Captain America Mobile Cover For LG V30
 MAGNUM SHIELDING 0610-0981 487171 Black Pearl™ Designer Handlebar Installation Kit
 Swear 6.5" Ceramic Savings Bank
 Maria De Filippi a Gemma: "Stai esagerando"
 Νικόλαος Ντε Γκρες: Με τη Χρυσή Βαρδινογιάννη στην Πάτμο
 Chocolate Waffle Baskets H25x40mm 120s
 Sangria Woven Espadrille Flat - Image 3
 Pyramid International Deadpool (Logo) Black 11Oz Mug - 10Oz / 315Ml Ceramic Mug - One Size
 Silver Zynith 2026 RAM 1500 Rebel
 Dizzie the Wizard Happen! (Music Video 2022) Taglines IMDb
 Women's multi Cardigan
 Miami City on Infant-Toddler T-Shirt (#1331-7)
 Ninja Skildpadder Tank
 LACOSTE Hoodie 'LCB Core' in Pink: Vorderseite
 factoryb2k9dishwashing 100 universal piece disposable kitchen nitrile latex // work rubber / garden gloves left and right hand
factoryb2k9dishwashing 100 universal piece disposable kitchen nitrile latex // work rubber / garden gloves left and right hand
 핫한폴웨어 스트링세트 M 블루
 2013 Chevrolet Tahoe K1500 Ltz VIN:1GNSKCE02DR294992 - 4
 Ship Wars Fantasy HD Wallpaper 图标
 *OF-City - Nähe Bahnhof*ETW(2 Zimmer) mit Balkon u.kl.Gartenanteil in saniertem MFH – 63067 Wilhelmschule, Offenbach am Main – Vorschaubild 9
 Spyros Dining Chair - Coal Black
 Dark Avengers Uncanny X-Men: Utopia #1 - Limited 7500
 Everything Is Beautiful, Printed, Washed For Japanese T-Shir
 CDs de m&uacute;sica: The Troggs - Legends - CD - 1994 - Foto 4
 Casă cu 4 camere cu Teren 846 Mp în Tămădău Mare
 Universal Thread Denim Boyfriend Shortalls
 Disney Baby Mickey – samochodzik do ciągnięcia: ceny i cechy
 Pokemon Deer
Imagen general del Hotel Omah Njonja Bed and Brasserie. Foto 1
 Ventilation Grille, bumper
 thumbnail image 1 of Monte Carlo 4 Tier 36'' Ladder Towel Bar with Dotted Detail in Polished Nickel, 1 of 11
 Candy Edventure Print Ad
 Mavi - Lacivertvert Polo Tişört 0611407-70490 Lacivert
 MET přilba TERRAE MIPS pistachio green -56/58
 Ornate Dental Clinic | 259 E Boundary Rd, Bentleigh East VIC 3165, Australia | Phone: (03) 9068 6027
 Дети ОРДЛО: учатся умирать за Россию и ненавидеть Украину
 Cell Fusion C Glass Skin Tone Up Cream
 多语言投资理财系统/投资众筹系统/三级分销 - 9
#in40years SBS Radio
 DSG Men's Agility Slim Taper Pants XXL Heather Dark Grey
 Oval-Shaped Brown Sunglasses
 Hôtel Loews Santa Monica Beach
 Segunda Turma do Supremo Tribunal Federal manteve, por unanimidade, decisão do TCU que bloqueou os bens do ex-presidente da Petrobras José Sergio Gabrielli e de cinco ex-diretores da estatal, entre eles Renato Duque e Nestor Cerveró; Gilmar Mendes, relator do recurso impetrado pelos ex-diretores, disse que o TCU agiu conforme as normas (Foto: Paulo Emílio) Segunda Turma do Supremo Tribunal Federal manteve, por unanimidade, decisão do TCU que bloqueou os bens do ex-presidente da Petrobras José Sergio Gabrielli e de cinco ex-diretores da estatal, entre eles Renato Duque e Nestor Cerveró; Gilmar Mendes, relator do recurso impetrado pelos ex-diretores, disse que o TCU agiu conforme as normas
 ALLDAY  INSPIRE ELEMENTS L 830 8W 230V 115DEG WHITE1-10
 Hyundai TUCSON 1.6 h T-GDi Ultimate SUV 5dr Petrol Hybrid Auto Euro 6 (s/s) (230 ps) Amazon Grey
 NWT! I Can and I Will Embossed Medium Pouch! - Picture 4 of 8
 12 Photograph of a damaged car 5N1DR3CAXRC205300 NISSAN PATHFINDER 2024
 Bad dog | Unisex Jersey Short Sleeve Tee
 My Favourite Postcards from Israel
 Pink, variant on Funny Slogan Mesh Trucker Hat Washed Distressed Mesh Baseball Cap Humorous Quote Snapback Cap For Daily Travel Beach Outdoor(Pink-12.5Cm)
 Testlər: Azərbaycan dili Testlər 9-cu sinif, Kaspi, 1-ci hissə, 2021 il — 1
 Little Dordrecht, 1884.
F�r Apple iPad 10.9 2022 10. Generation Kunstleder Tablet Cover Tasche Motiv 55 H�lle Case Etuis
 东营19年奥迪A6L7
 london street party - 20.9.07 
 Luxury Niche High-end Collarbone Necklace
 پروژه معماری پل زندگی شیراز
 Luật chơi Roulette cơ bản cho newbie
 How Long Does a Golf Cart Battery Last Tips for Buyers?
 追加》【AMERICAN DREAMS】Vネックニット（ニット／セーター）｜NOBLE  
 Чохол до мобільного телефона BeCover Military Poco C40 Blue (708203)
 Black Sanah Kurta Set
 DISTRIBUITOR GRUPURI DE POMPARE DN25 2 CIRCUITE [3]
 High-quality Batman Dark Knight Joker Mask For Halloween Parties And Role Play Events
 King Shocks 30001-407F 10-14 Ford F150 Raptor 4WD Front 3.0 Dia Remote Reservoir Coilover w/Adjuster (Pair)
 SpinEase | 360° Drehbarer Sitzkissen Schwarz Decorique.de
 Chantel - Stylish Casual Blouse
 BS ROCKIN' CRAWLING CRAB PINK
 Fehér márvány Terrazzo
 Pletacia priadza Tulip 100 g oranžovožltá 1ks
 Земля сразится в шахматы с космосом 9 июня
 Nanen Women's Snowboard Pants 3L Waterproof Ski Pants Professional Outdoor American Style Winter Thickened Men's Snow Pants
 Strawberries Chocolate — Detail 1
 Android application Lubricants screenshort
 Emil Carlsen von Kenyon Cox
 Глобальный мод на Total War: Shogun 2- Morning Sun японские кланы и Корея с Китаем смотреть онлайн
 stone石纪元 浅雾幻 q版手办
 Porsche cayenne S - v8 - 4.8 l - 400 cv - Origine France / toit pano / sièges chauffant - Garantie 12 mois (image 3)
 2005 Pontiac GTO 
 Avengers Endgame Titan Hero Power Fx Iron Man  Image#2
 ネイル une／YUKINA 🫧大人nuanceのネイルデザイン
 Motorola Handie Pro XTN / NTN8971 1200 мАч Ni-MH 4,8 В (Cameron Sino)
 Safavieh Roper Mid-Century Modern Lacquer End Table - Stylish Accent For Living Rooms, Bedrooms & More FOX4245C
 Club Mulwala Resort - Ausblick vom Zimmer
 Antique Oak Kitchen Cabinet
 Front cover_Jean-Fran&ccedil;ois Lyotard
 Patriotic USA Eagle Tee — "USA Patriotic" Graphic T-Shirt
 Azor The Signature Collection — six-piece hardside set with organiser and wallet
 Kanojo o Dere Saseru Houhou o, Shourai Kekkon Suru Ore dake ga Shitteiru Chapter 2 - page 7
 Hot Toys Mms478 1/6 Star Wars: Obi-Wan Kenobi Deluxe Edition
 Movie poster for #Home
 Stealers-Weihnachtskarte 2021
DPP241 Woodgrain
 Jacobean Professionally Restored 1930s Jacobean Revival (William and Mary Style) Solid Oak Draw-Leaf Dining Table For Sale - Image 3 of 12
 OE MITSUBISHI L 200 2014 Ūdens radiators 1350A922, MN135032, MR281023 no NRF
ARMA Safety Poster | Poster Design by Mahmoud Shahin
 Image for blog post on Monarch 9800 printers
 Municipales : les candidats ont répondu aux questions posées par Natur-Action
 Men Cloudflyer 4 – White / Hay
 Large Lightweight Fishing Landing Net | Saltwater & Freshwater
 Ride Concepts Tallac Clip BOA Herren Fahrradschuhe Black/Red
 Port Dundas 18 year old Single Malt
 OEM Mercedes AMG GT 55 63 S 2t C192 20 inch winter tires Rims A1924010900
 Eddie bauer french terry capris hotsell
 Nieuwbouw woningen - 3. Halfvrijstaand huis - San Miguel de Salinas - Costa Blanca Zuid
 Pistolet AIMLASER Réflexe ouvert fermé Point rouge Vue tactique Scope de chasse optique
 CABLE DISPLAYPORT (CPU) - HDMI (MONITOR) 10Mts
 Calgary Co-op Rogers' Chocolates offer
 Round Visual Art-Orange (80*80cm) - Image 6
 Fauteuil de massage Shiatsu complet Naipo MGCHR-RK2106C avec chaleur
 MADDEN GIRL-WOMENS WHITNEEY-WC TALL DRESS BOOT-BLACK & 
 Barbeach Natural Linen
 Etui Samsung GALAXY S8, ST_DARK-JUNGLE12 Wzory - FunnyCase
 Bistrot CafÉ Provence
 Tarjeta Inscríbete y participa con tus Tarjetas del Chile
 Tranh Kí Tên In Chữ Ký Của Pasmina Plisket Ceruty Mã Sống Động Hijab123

**Work to be completed:** Stop at the line containing "Ventilation Grille, bumper". Please print exactly every line before it from the start of the records, plus that line itself, and nothing else.

**Solution for this exercise:**
Captain America Mobile Cover For LG V30
 MAGNUM SHIELDING 0610-0981 487171 Black Pearl™ Designer Handlebar Installation Kit
 Swear 6.5" Ceramic Savings Bank
 Maria De Filippi a Gemma: "Stai esagerando"
 Νικόλαος Ντε Γκρες: Με τη Χρυσή Βαρδινογιάννη στην Πάτμο
 Chocolate Waffle Baskets H25x40mm 120s
 Sangria Woven Espadrille Flat - Image 3
 Pyramid International Deadpool (Logo) Black 11Oz Mug - 10Oz / 315Ml Ceramic Mug - One Size
 Silver Zynith 2026 RAM 1500 Rebel
 Dizzie the Wizard Happen! (Music Video 2022) Taglines IMDb
 Women's multi Cardigan
 Miami City on Infant-Toddler T-Shirt (#1331-7)
 Ninja Skildpadder Tank
 LACOSTE Hoodie 'LCB Core' in Pink: Vorderseite
 factoryb2k9dishwashing 100 universal piece disposable kitchen nitrile latex // work rubber / garden gloves left and right hand
factoryb2k9dishwashing 100 universal piece disposable kitchen nitrile latex // work rubber / garden gloves left and right hand
 핫한폴웨어 스트링세트 M 블루
 2013 Chevrolet Tahoe K1500 Ltz VIN:1GNSKCE02DR294992 - 4
 Ship Wars Fantasy HD Wallpaper 图标
 *OF-City - Nähe Bahnhof*ETW(2 Zimmer) mit Balkon u.kl.Gartenanteil in saniertem MFH – 63067 Wilhelmschule, Offenbach am Main – Vorschaubild 9
 Spyros Dining Chair - Coal Black
 Dark Avengers Uncanny X-Men: Utopia #1 - Limited 7500
 Everything Is Beautiful, Printed, Washed For Japanese T-Shir
 CDs de m&uacute;sica: The Troggs - Legends - CD - 1994 - Foto 4
 Casă cu 4 camere cu Teren 846 Mp în Tămădău Mare
 Universal Thread Denim Boyfriend Shortalls
 Disney Baby Mickey – samochodzik do ciągnięcia: ceny i cechy
 Pokemon Deer
Imagen general del Hotel Omah Njonja Bed and Brasserie. Foto 1
 Ventilation Grille, bumper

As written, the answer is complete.